Apples are one of my favorite fruits – especially when it’s apple season (aka, right now). I’ll go through a bag of apples really quickly, either throwing them into smoothies or eating them as snacks. But it has happened on occasion where I forget that I have them on hand (don’t ask, I have no idea how it happens either) and then I check the fruit basket, and the apples look a little sad. I don’t usually bake, but when this happens, I immediately cook the apples into some kind of fruit topping for my oatmeal, or do some kind of tart or pie. Tarte tatin is my favorite go-to recipe for apples, but today’s recipe is the result of a perfect storm of extra apples and extra phyllo dough (left over from last week’s borek we made with our neighbors).
Tourtière is a dessert that hails from Gascogne, in the Southwest of France. It is easily recognized by the flaky shards of thin crust poking up from its base, much like a crown, with a filling of some sort of fruit. Obviously, we’re using apples today, but this is sometimes done with prunes (another French favorite). Embrace the butter here – it helps make the dish crispy and beautiful!
Tourtière aux Pommes
10 tbsp. salted butter + extra for greasing
1⁄2 cup plus 4 tsp. granulated sugar
6 apples, peeled, cored, and cut into wedges (I used a mix of Gala and Granny Smith)

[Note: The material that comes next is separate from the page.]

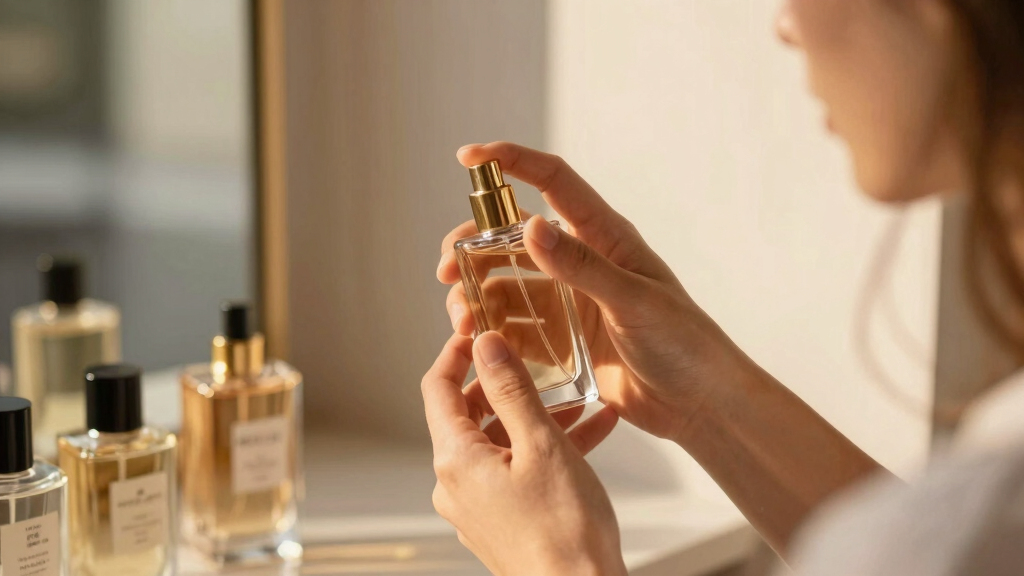 best perfumes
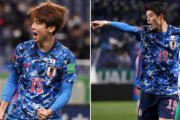 【海外の反応】「なんてこった」日本代表に激震！大迫勇也と酒井宏樹が怪我で参加辞退！豪州戦へ緊急事態！海外の日本ファンも騒然！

1⁄3 cup Calvados or Armagnac (substitute another brandy if you like)
7 sheets phyllo dough, defrosted
You will also need: a 10″ springform pan, a pastry brush
Toss the apples in the 1/2 cup of granulated sugar. Melt 4 tbsp. butter in a 4-qt. saucepan over medium-high heat then add the sugar-coated apples; cook, stirring occasionally. When apples are slightly caramelized, remove pan from heat and add brandy; carefully ignite with a match. Return to heat and cook until flames subside and liquid is reduced by half, about 3 minutes; let cool.
Heat oven to 425°. Grease a 10″ springform pan with butter; set aside. Melt remaining butter in a 1-qt. saucepan; keep warm. Lay 1 sheet phyllo on a work surface; brush with some melted butter and sprinkle with 1 tsp. granulated sugar. Fit into prepared pan, allowing corners of dough to hang over edges. Repeat with 3 more sheets of phyllo, laying each sheet at a 45° turn from the last. Spread apples over dough in an even layer. Cut remaining sheets of phyllo in quarters, and, working with 1 piece at a time, pinch at the center and flip over, so that the corners are pulled together and facing up and the result looks very crinkled; place over top of tart. Repeat with remaining pieces phyllo until top of tart is covered. Make sure all exposed edges are coated with remaining melted butter; bake until golden and crisp, about 30 minutes. Let tart cool completely in pan, then unmold and transfer to a platter to serve.